My journey into parenthood began with the birth of my daughter almost 12 years ago. Was I ready? No. Did I have the means and ability? Yes.
Those early years were some very important and precious years. "Milk Years"; yes, that is what I will call them and not just for the obvious reason. As a parent, I can see, I have grown through increments of time and stages of life. One sweet or painful experience at a time. But these beginning experiences were only the "milk" that would "nourish" me; prepare me for the next set of stages. As newborns can only consume the gentle life giving nutrients of milk. For reasons I do not fully understand, so too, parents can only start with the mostly simple mundane tasks of caring for an infant and toddler. At this stage we do not yet know what the "Meat" of parenthood will be like. So for those first years we consume only the mildness of the "Milk".
Allison is our first born. She is the sibling "guinea pig". We experience every new change that goes on with a child through her first. I wonder sometimes what that might feel like for her. She is now entering a new stage. Middle school + turning 12 yrs. old, as I recall, is a very big jump to make within the years of adolesence. She might in her mind wish for the more simpler days of kindergarten field trips and recess after lunch. When I see the changes and difficulties she is starting to face I can recall a little of my own feelings that I had at that stage in my life.
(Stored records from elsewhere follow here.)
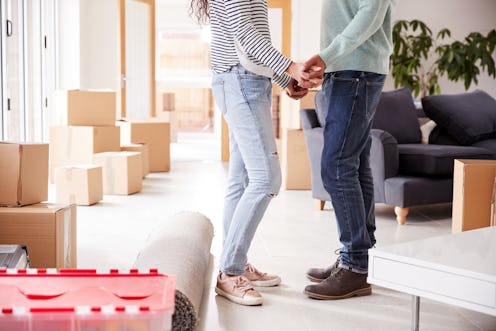 Close Up Of Loving Couple Holding Hands Surrounded By Boxes In New Home On Moving Day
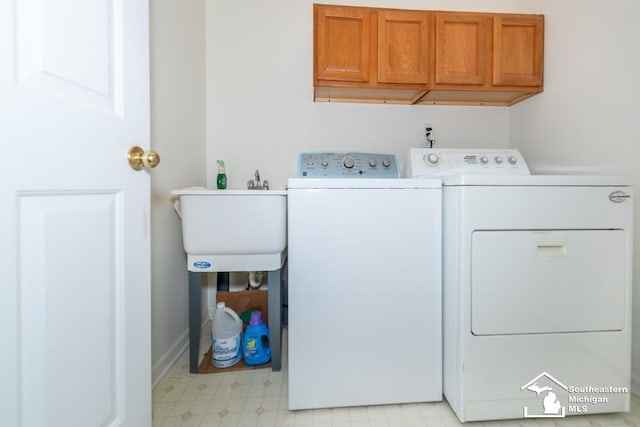 laundry room with washer and dryer, cabinets, and sink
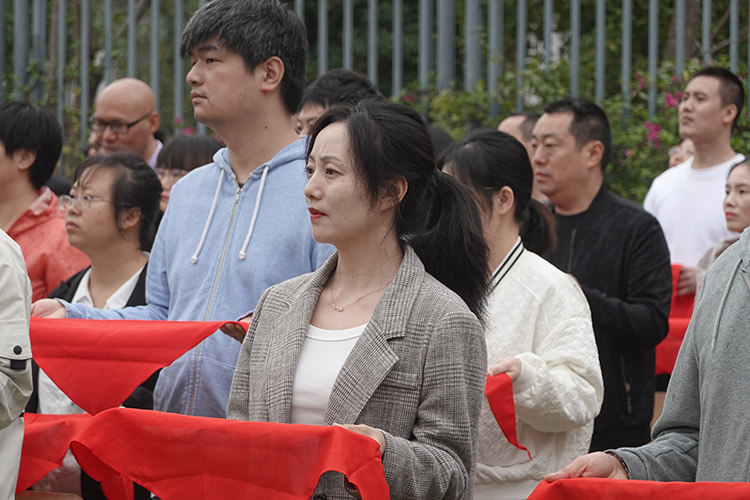 家长手捧红领巾准备给孩子佩戴。高新区公园小学供图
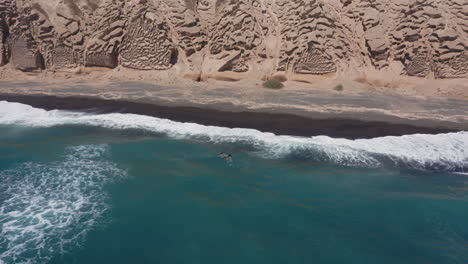 aerial: two children swim in shallow water with big waves in vlychada beach of santorini, 4k prores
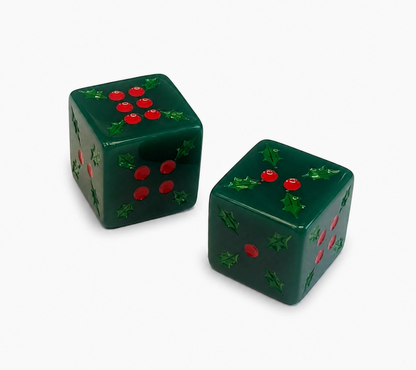 Pair of green Christmas Mahjong dice decorated with red holly berry pips and engraved holly leaves.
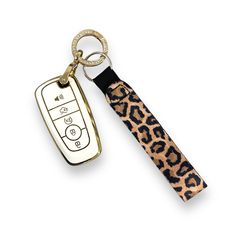 an animal print key chain with a remote control on it's side, and a leopard print lanyard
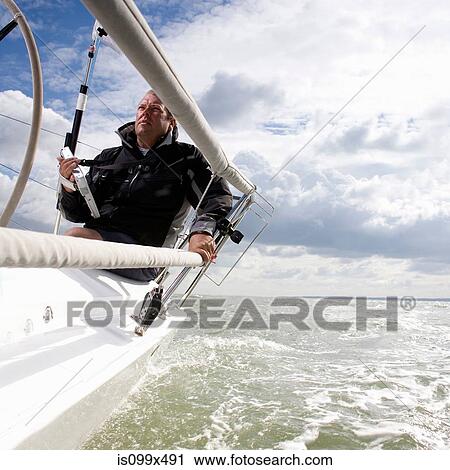 Man on yacht, with navigation aid View Large Photo Image Stock Image - Man on yacht, with navigation aid. Fotosearch
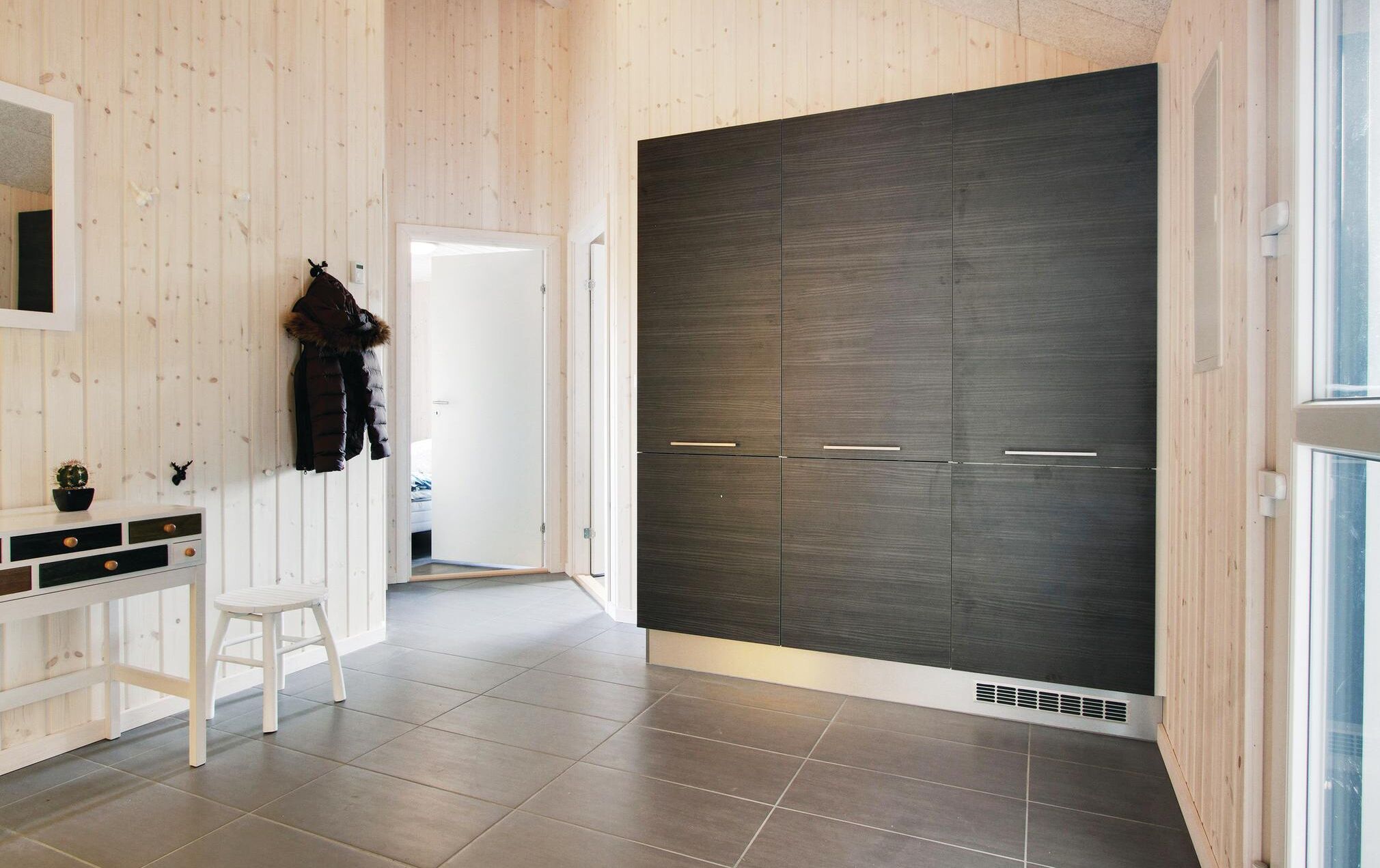 Una habitación moderna con piso de madera, un escritorio blanco con cajones, un perchero con abrigo y un amplio armario oscuro de dos puertas.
Though now as a parent, I feel I am no longer drinking the "Milk", but am now tasting the tougher consistentsy of the "Meat". Now that I have entered what I now call "Real Parenting" I now find myself, at times, summoning up the memories I have of swimming in the creek, picking blackberries, running through the woods experiencing the first joys and sweetnesses of life. To put it as simply as I can; this new stage of parenting is hard.
The only solace that I am hanging onto now at this stage of parenting is, yes, I have the ability and I remember the words of my Father: Heatherly, no one passes with an 'A'.